I had a couple of uncles I considered weird in some ways—North Carolina boys (my parents were from North and South Carolina). And as a California lad, they certainly thought I was the weird one. One of them failed to understand why anyone would have a bathroom in the house—one does not do their business in the same building where one lives. Naturally he and his family had an outhouse on their 40 acres. I had never considered it before having grown up expecting a bathroom in the house. And both of those uncles were beside themselves at the level of government regulation—one couldn’t even go to an outhouse without someone approving it. And taxes—that was just government theft. The way they put it all, made some degree of sense (they worked hard for a living). They were not loose cannons, just folks who grew up without much, relying on their wits and work to feed themselves and their family. And they did. And they were proud of it—no handouts for them. They were weird, but not fools, as they recognized my counterpoint about infrastructure and the need for mutual cooperation and financial contributions. Then their argument became about regulating the regulators. That’s checks and balances. My “long-hair, hippie” persona, as they saw me, was making some sense. Their country, near “red-neck” view made some sense. From then on we made good fun of each other, accepting our respective weirdness, but never forgetting to see if it all made some kind of good sense.

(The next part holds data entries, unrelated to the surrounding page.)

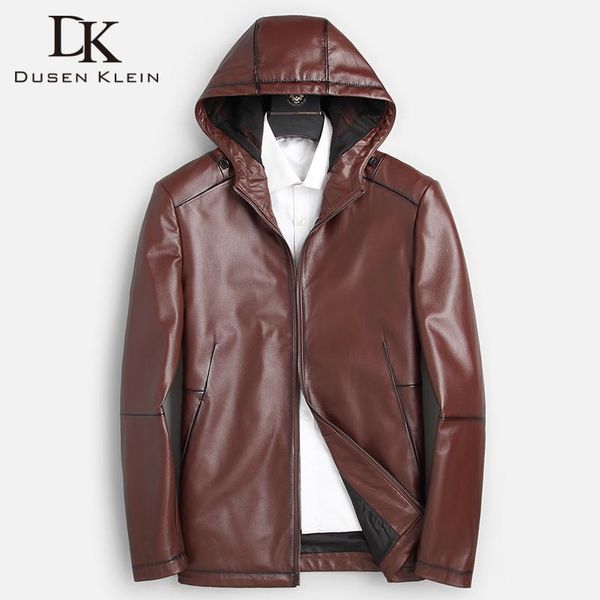 dk cowhide leather jacket men leisure hooded genuine leather clothing autumn wine red outwear coats1, Black
dk cowhide leather jacket men leisure hooded genuine leather clothing autumn wine red outwear coats1, Black
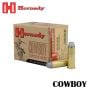 Munitions Hornady Cowboy 44-40 205 gr 20/boîte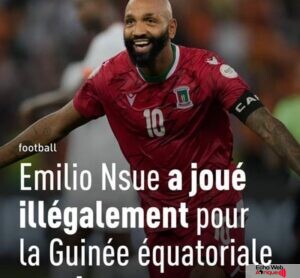 Emilio Nsue : La FIFA suspend le meilleur buteur de la CAN 2023 pour 06 mois !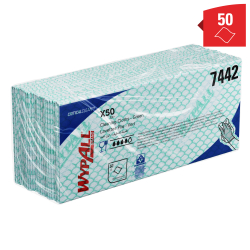 WYPALL* X50 Wischtücher - Interfold 7442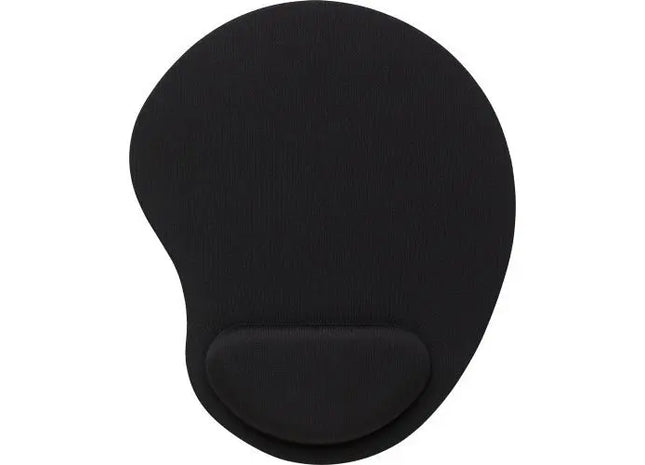 Ergonomische EVA-Mausmatte Odin - Schwarz - Komfortabel, Strapazierfähig und Rutschfest TK Gruppe® Grosshandel 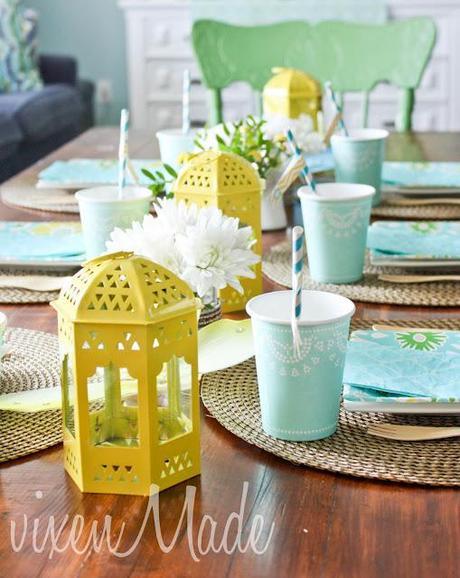 Boho Chic Party Feature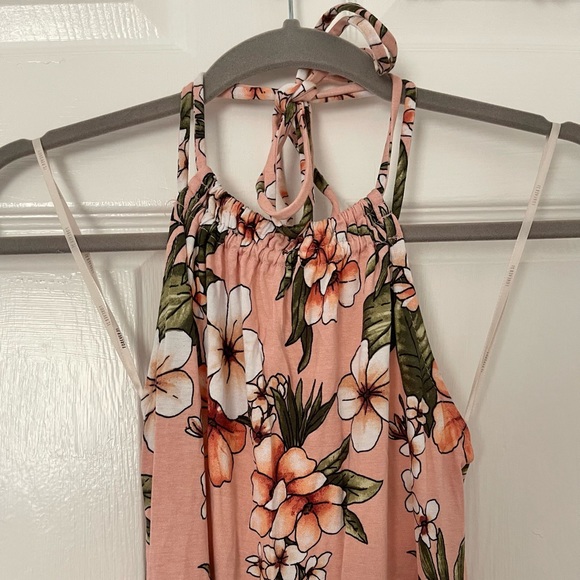 Forever 21 Tropical Floral Romper - Picture 4 of 5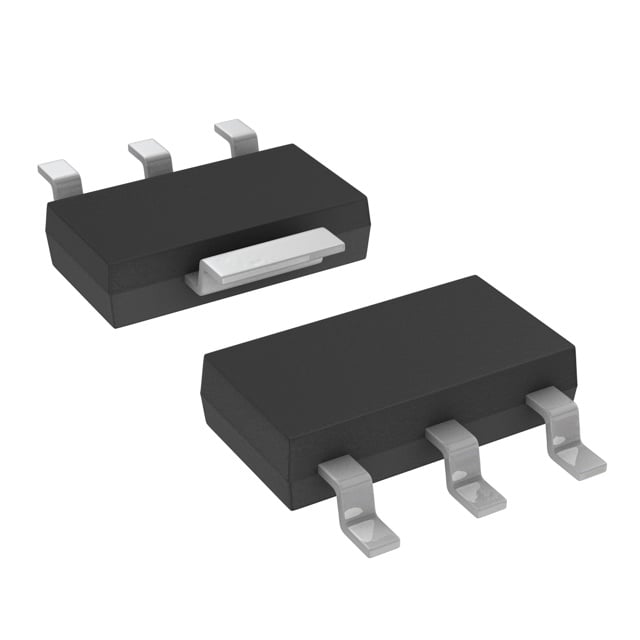 LM2940IMP-12/NOPB Texas Instruments voltage regulator - generic SOT-223 (DCY) package illustration (not a specific-part photo)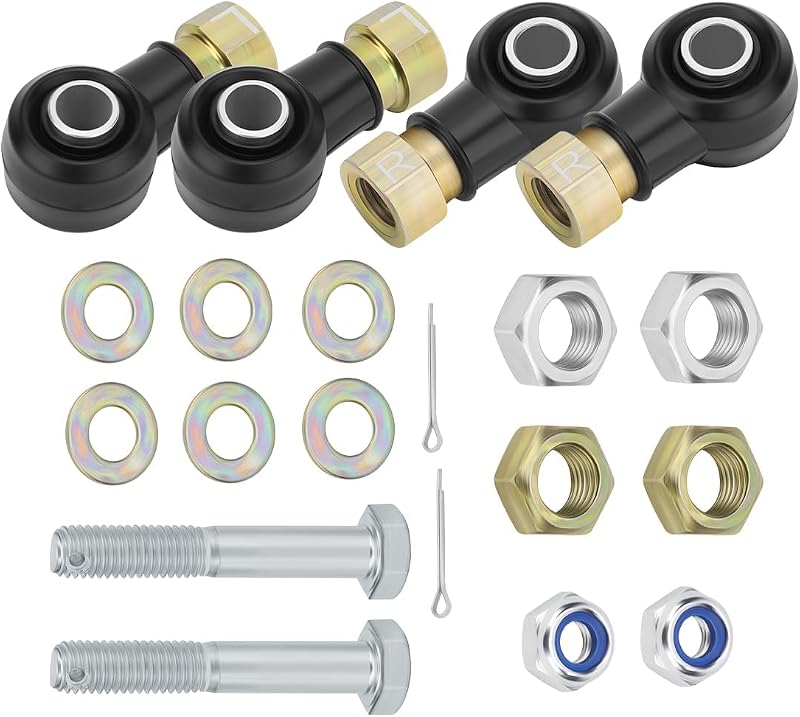 Set capete de bară direcție pentru Polaris Sportsman Scrambler 400 500 570 600 700 800 Trail Boss Trail Blazer 325 330 250 Magnum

The seminar experience came well after the experience with my Southern relatives. Learning to listen in one venue doesn’t always translate to listening in many venues.
The carriage of a person, the tone of voice, the way they dress, the way they look, their background, gender, age, etc. are foolish focal points if one is trying to comprehend what is being said. On the other hand, if one is trying to compare and categorize, then we listen for cues to place one in a social hierarchy—the ol’ less-than or more-than cubby holes.
We are all aliens in a Star Wars Bar (where have I heard that before?) and the point of cognitive-emotional checks and balances—of sense-making—is to not get lost in appearance and demeanor. Save that focus for the fashion runway. I learned—am still learning—to look for that good sense-making and steer clear of getting caught up in the alien-ness of others. That alien-ness is darn near a given. But getting past it isn’t. Getting to sense-making has to be learned and practiced. So does learning to hear sense-making. Learning the skills of listening and making sense will sure help when it comes to recognizing those folks steeped in exploitation and misdirection. After all, the latter is a zone free of checks and balances and it is those checks and balances that are a central pillar of our democracy.